── Available records ──

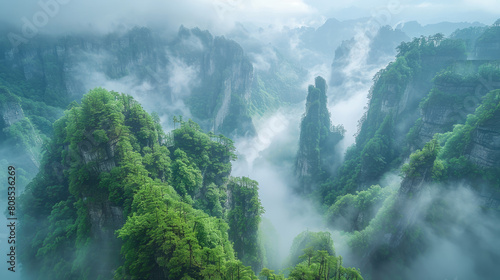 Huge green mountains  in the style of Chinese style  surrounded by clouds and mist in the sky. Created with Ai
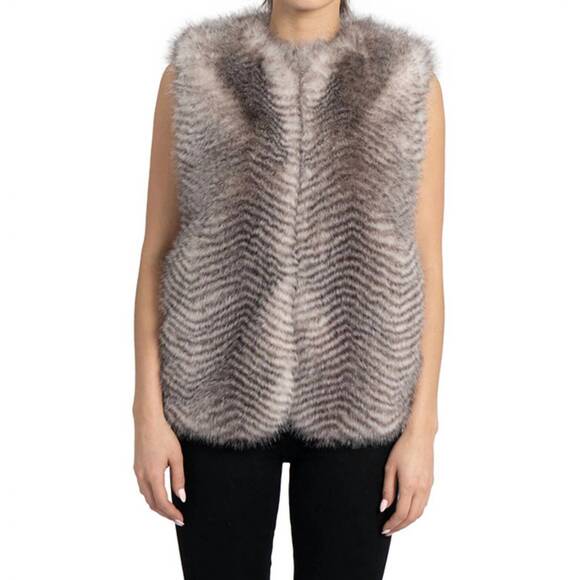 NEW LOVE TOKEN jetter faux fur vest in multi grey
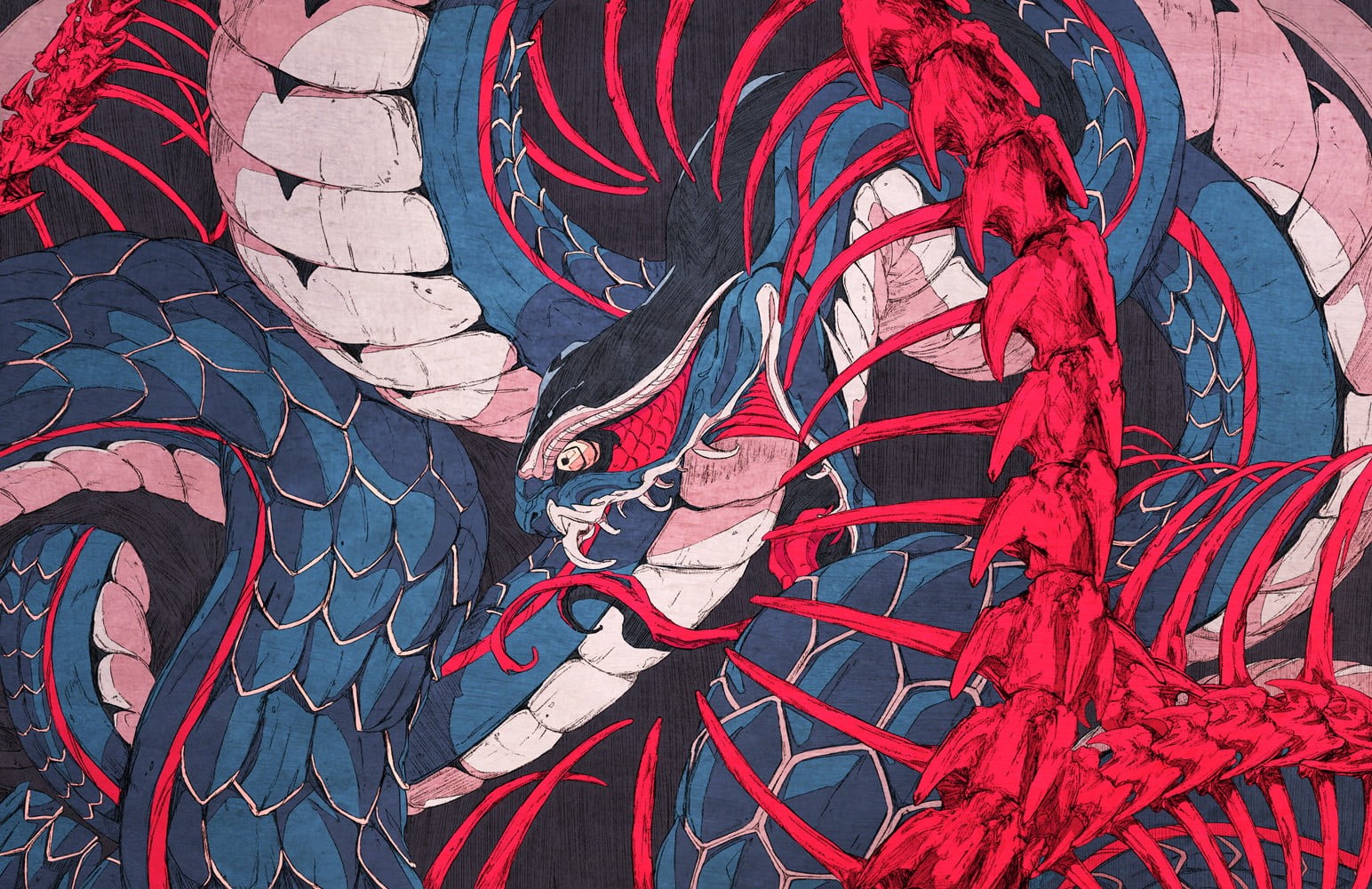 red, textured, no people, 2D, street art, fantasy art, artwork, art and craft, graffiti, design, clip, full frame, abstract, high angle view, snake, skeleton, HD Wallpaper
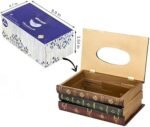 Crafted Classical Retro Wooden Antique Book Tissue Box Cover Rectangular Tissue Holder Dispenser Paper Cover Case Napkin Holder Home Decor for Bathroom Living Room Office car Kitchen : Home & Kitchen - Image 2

───
── Available records ──

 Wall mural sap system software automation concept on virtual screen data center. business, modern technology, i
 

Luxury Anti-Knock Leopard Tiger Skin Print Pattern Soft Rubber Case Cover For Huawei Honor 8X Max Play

───

| Task to complete |
Though the entries above contain pictures, none should be copied; reproduce only the lines between the one holding "Huge green mountains" and the one holding "red, textured, no", inclusive, exactly as written.

| Output for this task |
 Huge green mountains  in the style of Chinese style  surrounded by clouds and mist in the sky. Created with Ai
 NEW LOVE TOKEN jetter faux fur vest in multi grey
 red, textured, no people, 2D, street art, fantasy art, artwork, art and craft, graffiti, design, clip, full frame, abstract, high angle view, snake, skeleton, HD Wallpaper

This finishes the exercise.